秋を味わう珠玉のパフェ Vol.2 ウェスティンホテル東京
ついに、食の誘惑が待ち受ける秋の到来! おいしいものは数あれど、スイーツ好きなら外せないのがパフェ。ずっと眺めていたくなる麗しい造形に、グラスに広がるめくるめく味覚のハーモニーはさながら小宇宙。見ても食べても幸せになれる秋の新作を、三度の飯よりパフェを愛するエディターが徹底解剖します。第二回は、ウェスティンホテル東京の「オータムパフェ」。
ウェスティンホテル東京といえば、予約が取れないほど大人気のスイーツブッフェが有名ですが、それを監修しているのが泣く子も黙るエグゼクティブペストリーシェフの鈴木一夫シェフです。
場所は、ウイスキーの品揃えが豊富なエグゼクティブ バー「ザ・バー」。クラシックで重厚感のある内装に背筋が伸びます。バーだけあって、週末の夜限定でお酒を使ったパフェを11月29日(日)まで提供しているのです。
秋の味覚のハーモニー「栗とりんごのパフェ」
まずは、シェフのイチオシ「栗とりんごのパフェ」から。上には濃厚な和栗のクリームがたっぷり。ねっとりと濃密で甘く、一口で天に昇る気持ち。栗好きにはたまらない!

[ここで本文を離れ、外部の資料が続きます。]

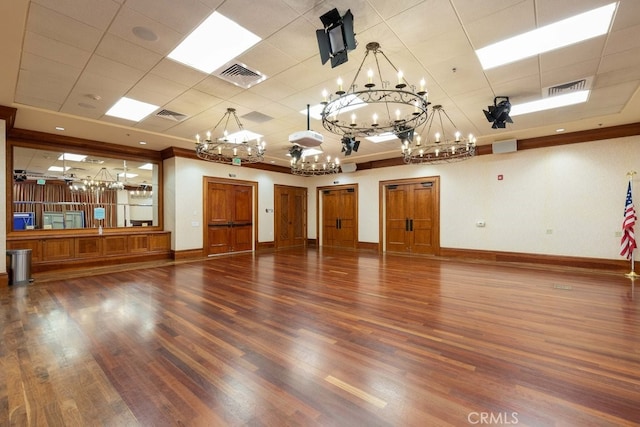 unfurnished room featuring a chandelier, a drop ceiling, and dark wood-type flooring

クリームの下から顔を出すのは、マスカルポーネのアイスクリーム。実は去年の秋も同じパフェを提供していたのですが、今年はさらに美味しくグレードアップしたそう。鈴木シェフ曰く、「昨年はバニラアイスでしたが、マスカルポーネを使うことでよりさっぱりとした味わいにしました」。確かに、次々食べ進めたくなる軽やかさ。濃厚マロンとのコントラストが絶品です。

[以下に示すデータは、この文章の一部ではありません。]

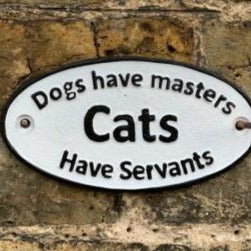 Dogs have masters, Cats have servants naughty cast iron sign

りんごのソテーは、しゃくしゃくとした食感。片面だけの火入れをし、食感が残るようにしたという鈴木シェフのこだわりです! 半分フレッシュな感じが楽しめます。
食べ進めると、あるポイントでお酒の良い香りが漂ってきます。その正体は、りんごのブランデー「カルヴァドス」。パフェ全体にかけずに、マスカルポーネアイスの上からかけたカルヴァドスがここで華やかに香ります。一気に大人の味になりました!

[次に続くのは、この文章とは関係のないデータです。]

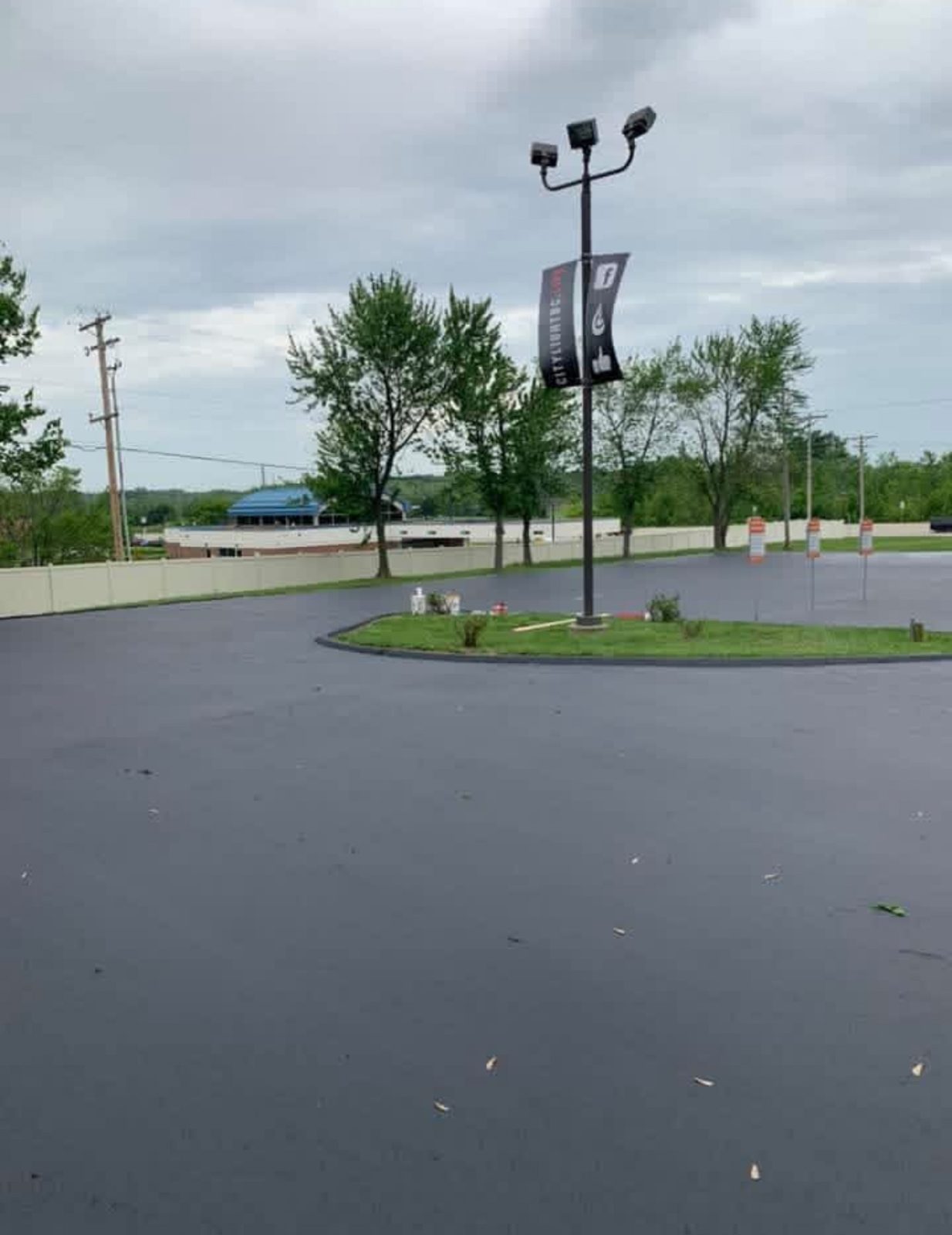 Paving large commercial lot by United Way Asphalt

蒸し栗やクランブルの食感を味わっていたら、マロンアイスが隠れていました。その一番下にはりんごを煮詰めたコンポートが。酸味を感じながらも栗の余韻を残しつつ、ペロリと完食。鈴木シェフによると、りんごがあることでさっぱり食べやすくなっているそう。栗とりんごの共演をこの一杯で楽しめます!
お酒好きなかたは、アルコールとペアリングしてみるのをおすすめします。そう、ここはバーです。好みを伝えると、パフェに合うお酒を提案してくれます。この日はブランデーをベースにジンジャーエールをプラスした「ホーセズネック」をいただきました。レモンが爽やかで後味さっぱり。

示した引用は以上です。